「スワローズらしい良い文化を継承し、明るい素晴らしいチームを作っていかなくてはならない」――就任会見でそう語った、東京ヤクルトスワローズ高津臣吾1軍監督。昨季、2軍監督という立場からチームを支えてきた高津監督は、思わぬ事態に見舞われたこの2020シーズン、1軍監督としてどのようなビジョンでリーグ制覇を目指していくのか。本連載では、今年もインタビュアーに長谷川晶一氏を迎え、高津監督の野球論を余すところなくお届けしていく。
(インタビュアー:長谷川晶一)
――7月12日の巨人戦に勝利して単独首位となるなど、快調なスタートダッシュとともに夏場を迎えました。今回は、高津監督に多大な影響を与えた「師・野村克也」について伺いたいと思います。野村さんの訃報はいつ、どのように知ったのですか?
高津 お亡くなりになった2月11日の朝5時とか、6時くらいに(野村)克則(現・東北楽天ゴールデンイーグルス一軍作戦コーチ)からのLINEで知りました。「先にお知らせしますが、今朝亡くなりました」という内容で、それですぐに目覚めました。
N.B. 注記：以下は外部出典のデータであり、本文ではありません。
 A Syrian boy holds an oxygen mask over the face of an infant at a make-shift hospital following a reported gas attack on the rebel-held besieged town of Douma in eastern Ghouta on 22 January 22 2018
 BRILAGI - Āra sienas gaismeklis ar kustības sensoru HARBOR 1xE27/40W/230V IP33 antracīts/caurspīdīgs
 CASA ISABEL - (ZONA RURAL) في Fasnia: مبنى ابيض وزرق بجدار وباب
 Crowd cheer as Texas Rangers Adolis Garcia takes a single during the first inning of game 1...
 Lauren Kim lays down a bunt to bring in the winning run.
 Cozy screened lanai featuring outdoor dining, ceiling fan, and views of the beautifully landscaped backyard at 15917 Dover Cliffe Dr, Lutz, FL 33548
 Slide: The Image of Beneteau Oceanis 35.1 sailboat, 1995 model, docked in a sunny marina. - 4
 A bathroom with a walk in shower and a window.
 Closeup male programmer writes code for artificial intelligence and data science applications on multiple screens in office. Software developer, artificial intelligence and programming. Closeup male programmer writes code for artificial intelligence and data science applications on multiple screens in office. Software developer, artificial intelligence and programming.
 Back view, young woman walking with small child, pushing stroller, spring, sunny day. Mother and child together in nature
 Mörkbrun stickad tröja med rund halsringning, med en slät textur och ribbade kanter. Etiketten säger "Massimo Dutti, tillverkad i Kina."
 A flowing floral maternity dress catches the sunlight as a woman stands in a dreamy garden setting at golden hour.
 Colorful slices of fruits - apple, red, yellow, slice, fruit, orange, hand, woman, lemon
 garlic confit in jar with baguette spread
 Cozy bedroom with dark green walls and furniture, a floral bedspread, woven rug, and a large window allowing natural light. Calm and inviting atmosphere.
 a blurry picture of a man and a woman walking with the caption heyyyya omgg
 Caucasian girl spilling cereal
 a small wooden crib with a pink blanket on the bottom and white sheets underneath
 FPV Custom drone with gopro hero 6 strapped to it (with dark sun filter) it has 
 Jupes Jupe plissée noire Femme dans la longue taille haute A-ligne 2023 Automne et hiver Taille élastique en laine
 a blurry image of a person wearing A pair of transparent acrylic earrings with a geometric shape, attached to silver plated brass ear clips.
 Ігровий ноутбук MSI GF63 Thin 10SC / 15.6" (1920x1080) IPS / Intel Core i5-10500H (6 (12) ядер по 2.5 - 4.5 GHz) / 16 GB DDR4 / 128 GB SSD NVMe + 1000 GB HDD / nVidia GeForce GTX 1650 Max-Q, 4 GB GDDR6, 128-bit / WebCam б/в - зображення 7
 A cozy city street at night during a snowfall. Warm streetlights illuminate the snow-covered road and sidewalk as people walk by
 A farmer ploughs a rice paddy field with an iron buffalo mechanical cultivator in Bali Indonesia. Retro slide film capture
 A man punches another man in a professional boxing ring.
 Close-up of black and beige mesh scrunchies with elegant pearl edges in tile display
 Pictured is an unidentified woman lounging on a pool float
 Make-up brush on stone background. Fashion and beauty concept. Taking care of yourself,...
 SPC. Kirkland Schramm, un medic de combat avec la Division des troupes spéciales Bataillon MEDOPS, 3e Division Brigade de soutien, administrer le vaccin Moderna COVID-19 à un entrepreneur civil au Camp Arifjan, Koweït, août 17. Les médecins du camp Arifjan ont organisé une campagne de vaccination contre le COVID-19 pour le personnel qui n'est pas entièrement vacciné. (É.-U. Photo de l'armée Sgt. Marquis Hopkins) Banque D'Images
――最後に野村さんと直接会われたのは1月のOB会ですか?
高津 そうですね。その前に監督就任が決まった後、去年の12月に一度、ご自宅にお伺いさせていただいてお話をしました。12月、1月と続けてお会いして、2月に亡くなられました。まったく予期していなかったので、本当にショックでした。
――このとき、チームは沖縄キャンプの真っ最中でした。すぐに上京されたんですか?
高津 はい、すぐに東京に戻って監督にお会いしました。東京に戻る間に、気持ちの整理をつけていたので、最期のお姿を見たときには冷静な気持ちでお会いできました。監督はヤクルトのユニフォームを着ていらっしゃいました。失礼な言い方になってしまうかもしれませんが、ただお写真を見るのではなく、実際に監督の最期にお会いできてよかったという思いもありました。
――昨年のご自宅訪問では、どのような話をされたのですか?
高津 ここ数年は、いつも同じやり取りなんですが、最初は「お前を抑えにしてすまなかったな」から始まり、僕が「いえいえ、とても感謝しています」と返します(笑)。それからは、「お前が監督になるなんて、他に人がいないのか?」と言われたので、「いないみたいです」と答えました(笑)。でも、その後には監督としての心構えをお話しくださいました。「最下位なんだから気楽にやれよ」とか、「弱いチームを強くしていくのは、とてもエネルギーのいることだけど、すごく楽しいぞ」だとか、そういうお話でした。
――野村さんご自身の実体験に基づく言葉だから説得力がありますね。
高津 そうですね。監督はいつも、ハッキリと“頑張れ!”とか、“応援しているぞ”とか言わないんです。でも、その言葉には必ず何かヒントがある。それが、野村監督の激励の仕方なんです。最後の最後に、野村監督らしい激励の言葉をいただけたのは嬉しかったです。